A brand new passport.

On Sunday I got my new, Japanese passport. There is something really exciting about getting a new passport, I'm not quite sure what. It was made with great haste, as my last one was only valid until October 4th, and I needed one valid at least for another 6 months to enter Hong Kong. I thought I looked like a convicted criminal when I had my picture taken for it, but once printed on the passport itself I don't look that bad. Just a bit on the tired side, but that's what I get for taking a passport ID photo at the end of a long work day. The best part of it is that the new passport is valid for 10 years--until 2016! I can't even fathom where in the world I would be then, with whom, and what I would be doing!
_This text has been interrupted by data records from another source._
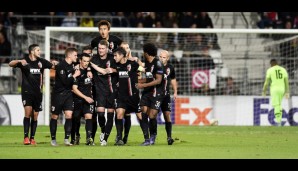 ALKMAAR - AUGSBURG 0:1: Die Augsburger holten die ersten Punkte in der Europa League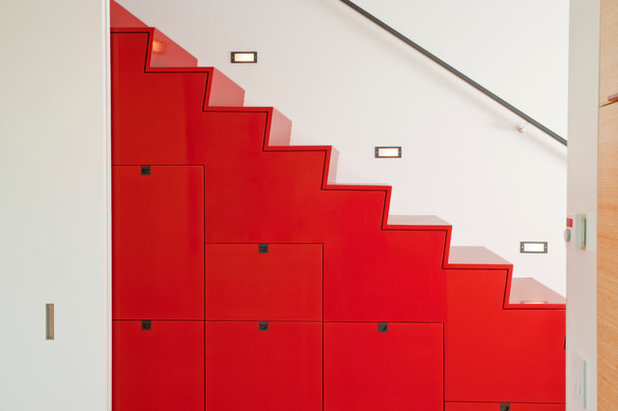 Minimalistisch Treppen by Prentiss Balance Wickline Architects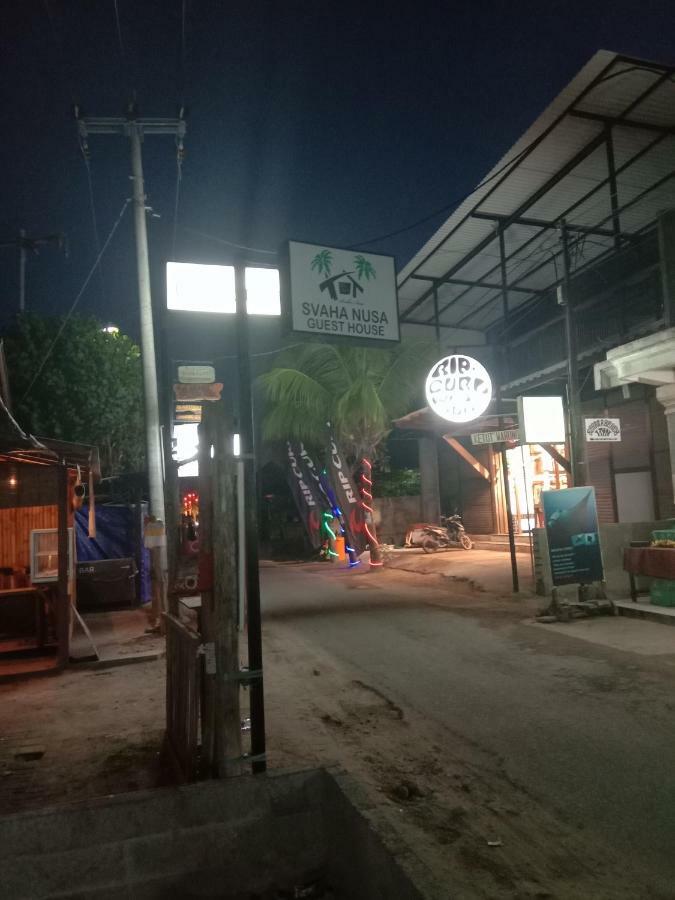 Svaha Nusa Guest House Lembongan Exterior foto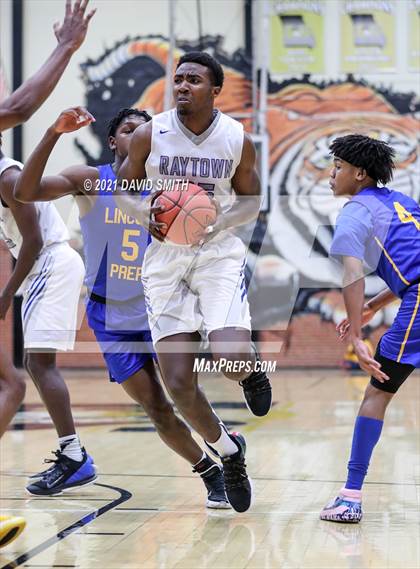 Thumbnail 3 in Lincoln College Prep vs Raytown (Summit Grill Shootout) photogallery.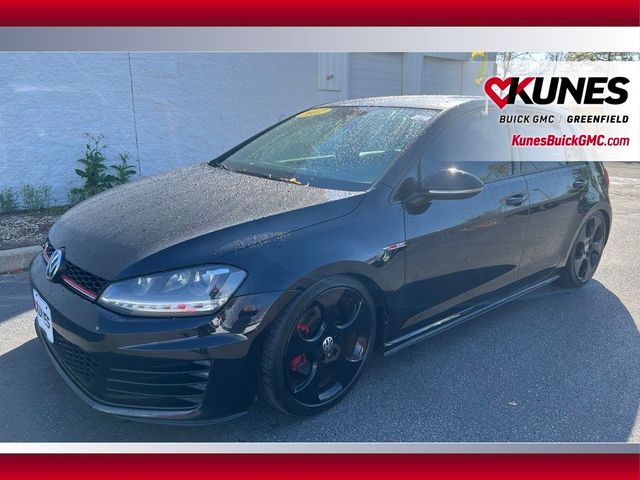 2017 Volkswagen Golf GTI S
This new passport has this hard plastic page inside it, which apparently contains an "IC chip." The computer chip contains my identification information, complete with my ID photo, date of birth, nationality, etc. It says that because of the chip I can't get the passport wet, and if I do happen to break the chip I have to get my passport replaced, and pay for it. I kind of thought that was unfair, because it's not really our fault if the chip is fragile. I'm going to be carrying my passport under my shirt when I go to Peru, what the hell's going to happen to the IC chip if I sweat like a pig (which I will) on the Machu Picchu hike?? Brutal.

But in any case, it's pretty exciting. The first place I get to go with this new passport is Hong Kong!! My last passport had stamps from Taiwan, Hong Kong, Canada, U.S., Rome, and Japan. This one will have tonnes more--Hong Kong to begin with, and several countries in South America from next summer, and then the U.S., followed by London...or so I hope.

Sidenote: the current music director at the international school we're visiting was the music director at the Canadian international school the UBC Wind Symphony visited back in December 2005/January 2006. It will be nice to visit Hong Kong again, and reminisce about the good (and bad) times. I will try to post pictures and whatnot while we are there.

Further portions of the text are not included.